### Material to process
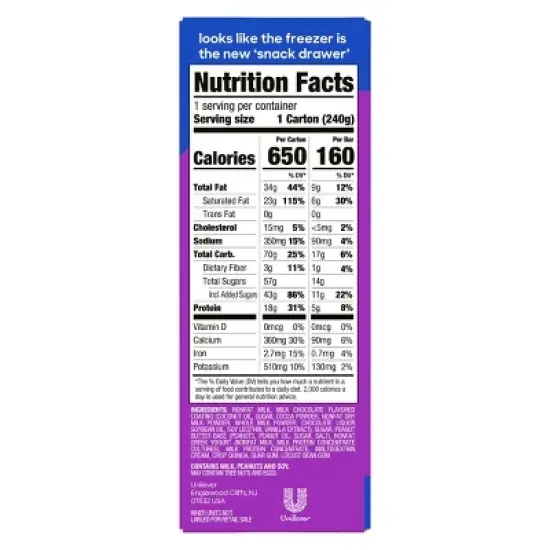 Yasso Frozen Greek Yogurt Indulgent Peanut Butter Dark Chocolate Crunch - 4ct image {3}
######
### Material to process
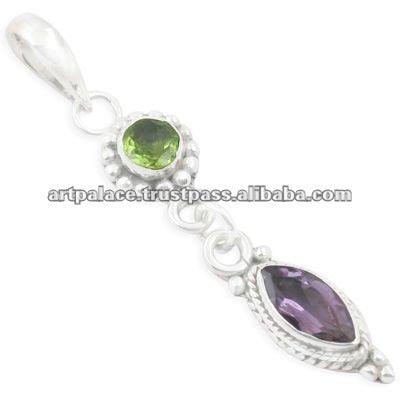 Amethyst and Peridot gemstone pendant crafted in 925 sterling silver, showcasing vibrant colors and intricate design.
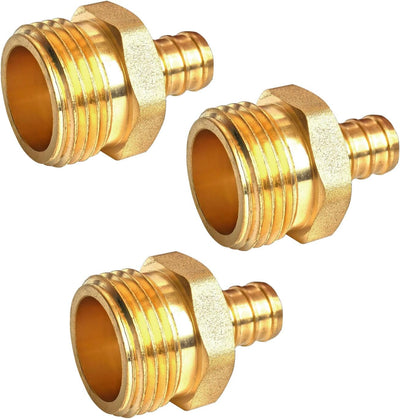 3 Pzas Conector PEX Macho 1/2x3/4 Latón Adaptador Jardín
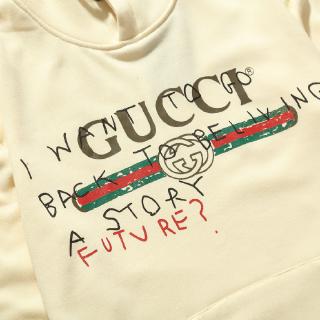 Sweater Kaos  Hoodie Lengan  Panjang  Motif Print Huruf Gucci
######
_Assignment_
With the pictures removed, print only the lines starting at the line that has "Amethyst and Peridot" and ending at the line that has "Print Huruf Gucci", both ends included, exactly as they stand above.

_Output for this task_
 Amethyst and Peridot gemstone pendant crafted in 925 sterling silver, showcasing vibrant colors and intricate design.
 3 Pzas Conector PEX Macho 1/2x3/4 Latón Adaptador Jardín
 Sweater Kaos  Hoodie Lengan  Panjang  Motif Print Huruf Gucci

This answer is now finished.